A number of weeks ago, we discussed bluegrass death, and if things followed along the expected timeline, we should be approaching the subject of the bluegrass afterlife. Instead, though, I’d like to back up to the part just before death: bluegrass retirement.

I know what you’re going to say: no one retires in bluegrass music. And you would have a fair point. People mainly announce their retirement and then just play a lighter schedule (but for more money). Death generally occurs just after the last album, but always before the next one. 

I have a theory, though, that bluegrass artists would actually like to retire; they either can’t for financial reasons, or they just have no idea what to do during this hypothetical retirement.

I’m useless with financial advice. It all sounds the same to me. The basic message about money always seems to be, in so many words, “make more of it, and stop blowing it all on the ponies.” It’s easy to say when you’re not actually trying to make a living playing this music. 

I may have some ideas about post-career activities, though. In what should really be the subject of an entire IBMA World of Bluegrass seminar, here are a few possible retirement occupations, something to keep older bluegrass musicians busy before the next reunion tour:

Bus Driver: This is a rewarding and useful way to spend your golden years, and it has just enough familiarity to it that you can slip into this role naturally. It brings with it all the joys of the road without all that dreary music and performing: driving all night, eating truck stop food, drinking enough caffeine to cause heart arrhythmia, and you can earn a little cash along the way.

Bluegrass Blowhard: Remember those old guys who used to come up to you and talk your ear off about the time they had breakfast with Red Allen and accidentally spilled ketchup on him, and about how they’re close personal friends of James Monroe’s? Well now you can become one of those guys and treat it like a part time job. You probably already have good first hand stories; you’ll just need to spend some time learning to expand them to include more detail than anyone would care about. You’ll also need to master the technique of never ending a sentence, so no one has a chance to cut you off and claim they need to be somewhere else (urgently).

Bluegrass Knitter: Knitting isn’t just for grandmothers and college students anymore. You’ll find this a stress-relieving, almost hypnotic way to while away your post-touring existence. Once you get going with it, you’ll find yourself knitting ever more large and complicated creations: you’ll start with small items like capo cases or pick holders, but quickly work up to banjo case covers and van cozies.

Merchandise Salesperson: Was the “record table,” as it used to be called, with all its fan interaction and all its cash, your favorite part of being a professional musician? There’s no need to stop just because you’re no longer out playing shows. There’s nothing to prevent you from setting up your own table and standing there, selling everything from old CDs and cassettes of yours, CDs of other people’s that you just happen to have extra copies of, clogging DVDs, pilates DVDs, T-shirts, beef jerky, bottled water, and possibly moonshine, if someone knows the code.

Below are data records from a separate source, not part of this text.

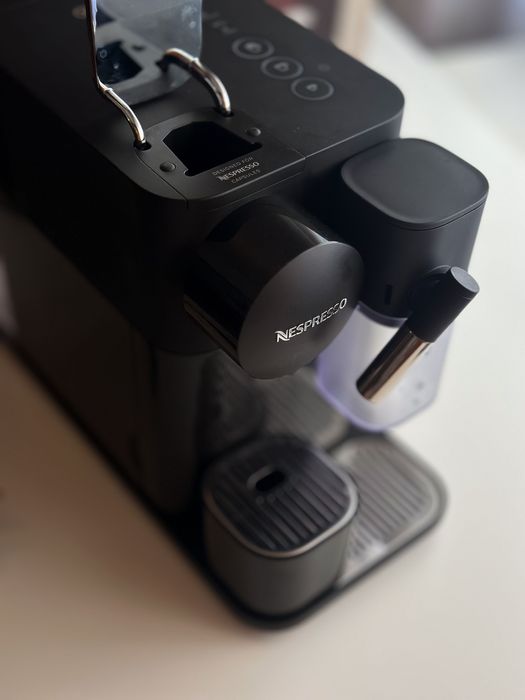 Máquina de café Nespresso Latissima One Delonghi Preta + acessórios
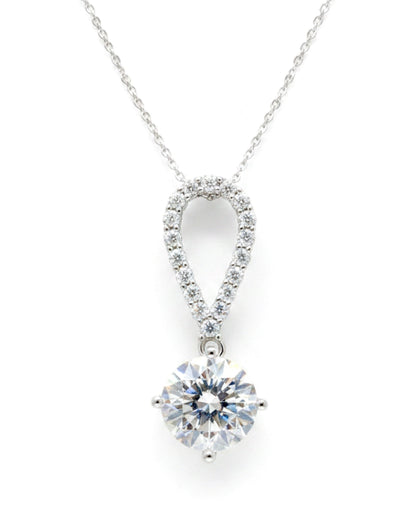 LUMIOR 5 karaat moissaniet ketting met druppelvormige hanger in 925 sterling zilver met sprankelende steentjes.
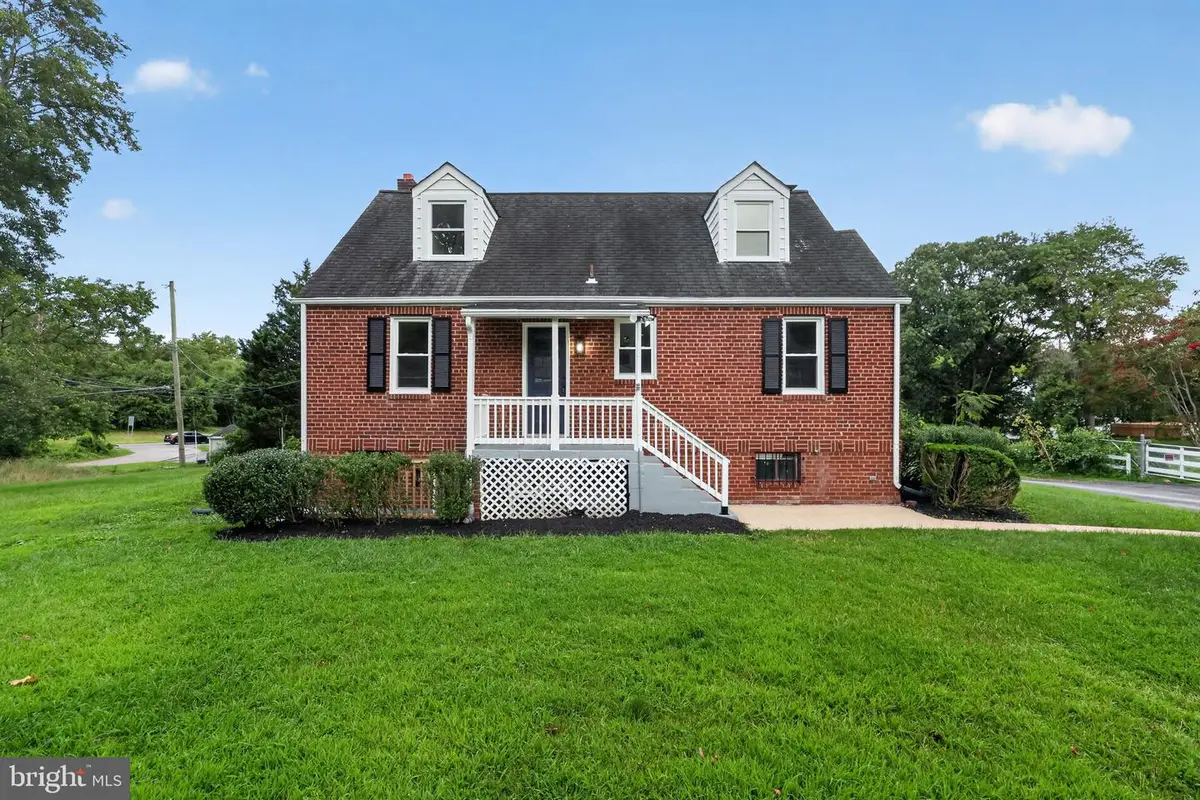 10904 Livingston Rd, Fort Washington, MD 20744 - #1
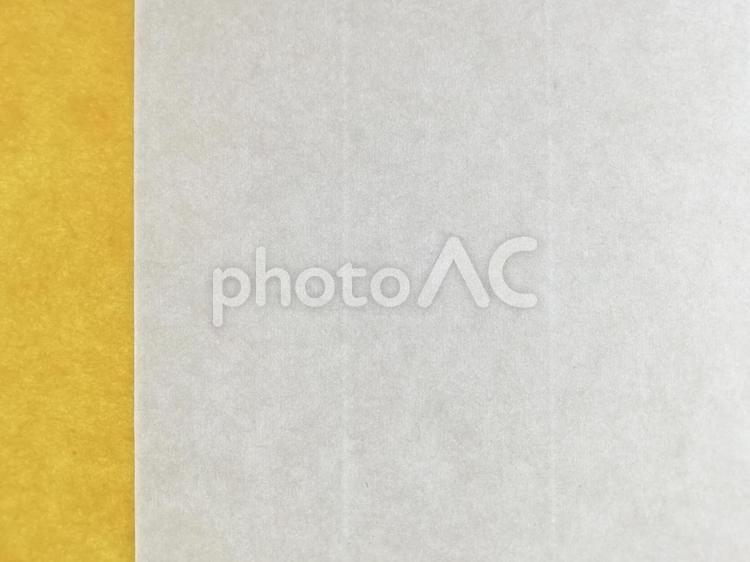 和紙　白色と左黄色 和紙,紙,背景の写真素材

If anyone objects to you setting up your wares (and outselling the headline act), just master that “Don’t you know who I am?” look. 

Bluegrass Curmudgeon: This is one of the easiest retirement roles to fall into, especially for men, many of whom just naturally make that transition once they hit their 50s. Let’s face it, there’s just so much to complain about: No one’s playing the music right, not like they did when you got into the business; all these young people are constantly on their phones with their tick clocks and their instant grams or whatever the hell they call it; and the festivals are dying because nobody plays real bluegrass anymore, and the sound is terrible; the last festival you were at the sound guy didn’t even know the difference between a banjo and a mandolin; and have you seen the price of gas? And yet the price of oil is as low as ever! No wonder no one wants to drive to a so-called “bluegrass festival.” And what they call a tomato at the grocery store, well they might as well call it something else! Hard as a rock and no flavor. And the price of truck tires! Why the other day . . . etc. etc.

This is going to be easy. Or just book a few shows and go back into the studio. That works, too.